Inutile de dire que La douleur est une adaptation très littéraire du roman de Duras, cela saute aux yeux dès les premières secondes. Un visage à moitié obscurci par le faible éclairage d'une pièce, un mouvement lent de la caméra qui tente d’appréhender le personnage, et la douce voix off de Mélanie Thierry qui nous gagne les oreilles. Avec son rythme lancinant, ses nappes de musique dissonantes et inquiétantes, ses errances dans la ville souvent floutée ou prise dans de gros plans au risque de l'abstraction, La douleur est un film calme en apparence, mais qui sait très bien gérer l'agitation interne de ses interprètes, pour mieux nous émouvoir sur le long terme et mettre en lumière le désarroi de cette femme dans son attente interminable pour avoir des nouvelles de son compagnon. Le long-métrage est agrémenté de plans très longs où l'on suit l'actrice marcher entre tous ces passants qui, eux aussi, sont tout aussi perdus qu'elle, ponctué par des scènes vraiment belles où les ombres menaçantes de la ville viennent arpenter les intérieurs d'immeuble pendant la nuit. Niveau mise en scène, c'est donc à la fois très recherché et en même temps cela évite le piège du film statique, buté sur l'assurance de ses cadres. Au contraire, tout se fait fuyant, aérien, on navigue d'une séquence à l'autre, d'une onde à l'autre (on écoute beaucoup la radio), d'une voix à l'autre, et c'est ce sentiment de voyager au cœur de cette période trouble qui est le plus réussi à mon sens. Finkiel parvient à donner corps à cette ville pourtant souvent en arrière plan, à ces personnages qui parlent finalement peu, ou qui sont aussitôt repris par les commentaires de Duras, qui analyse, dissèque leurs états d'âmes.
Magimel, Thierry, et même Biolay qui m’insupporte dans certains de ses rôles sont très bons ici, et les mots de Duras coulent avec une certaine fluidité grâce à eux. Ce n'est pas un texte évident, mais d'un autre côté, le traitement lui donne justement ce côté naturel, liquide. "A partir de maintenant, je consigne tout" Duras fait la promesse à son mari qu'elle relèvera le moindre détail, qu'elle tentera de percer le mystère de cet homme qui semble avoir le pouvoir de vie ou de mort sur son destin. Tout compte, Finkiel donne à sentir le quotidien des résistants à l'affût du moindre danger, de la moindre bizarrerie dans l'incertitude des mois avant la libération.
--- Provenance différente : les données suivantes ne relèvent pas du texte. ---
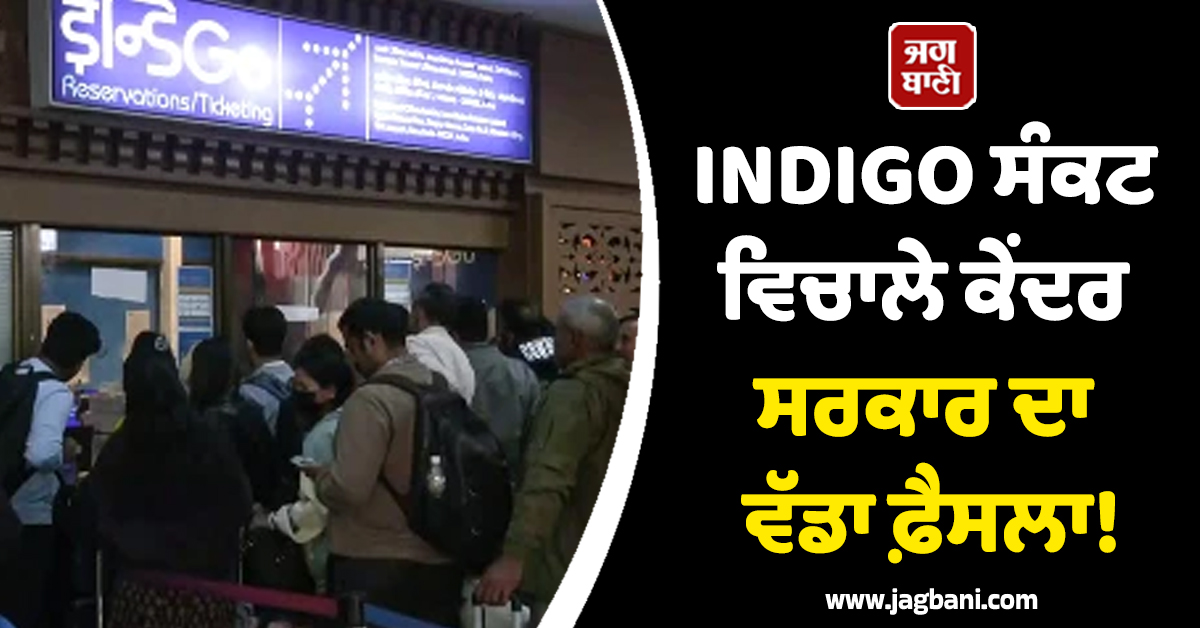 IndiGo ਸੰਕਟ ਵਿਚਾਲੇ ਕੇਂਦਰ ਸਰਕਾਰ ਦਾ ਵੱਡਾ ਫ਼ੈਸਲਾ! ਯਾਤਰੀਆਂ ਨੂੰ ਦਿੱਤੀ ਵੱਡੀ ਰਾਹਤ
Les gestes, les objets comme les plats d'un restaurant deviennent des éléments essentiels. "La crème fraîche déborde de tous les plats, les viandes ruisselantes, le vin...". Un jeu se lance alors, dans ces rendez-vous entre ce collabo qui ne sait pas qu'il va bientôt tout perdre, et cette résistante qui ne s'en cache pas. Séduire. Un jeu de pouvoir où chacun croit tenir l'autre.
Je pense n'avoir rien à reprocher au film, il est d'excellente facture et la reconstitution est très bonne, même si on sent forcément les contraintes du tournage dans un Paris réaménagé depuis ces années 40. L'essentiel, la substance du très beau texte est là, sublimé par une actrice talentueuse et une mise en scène inspirée.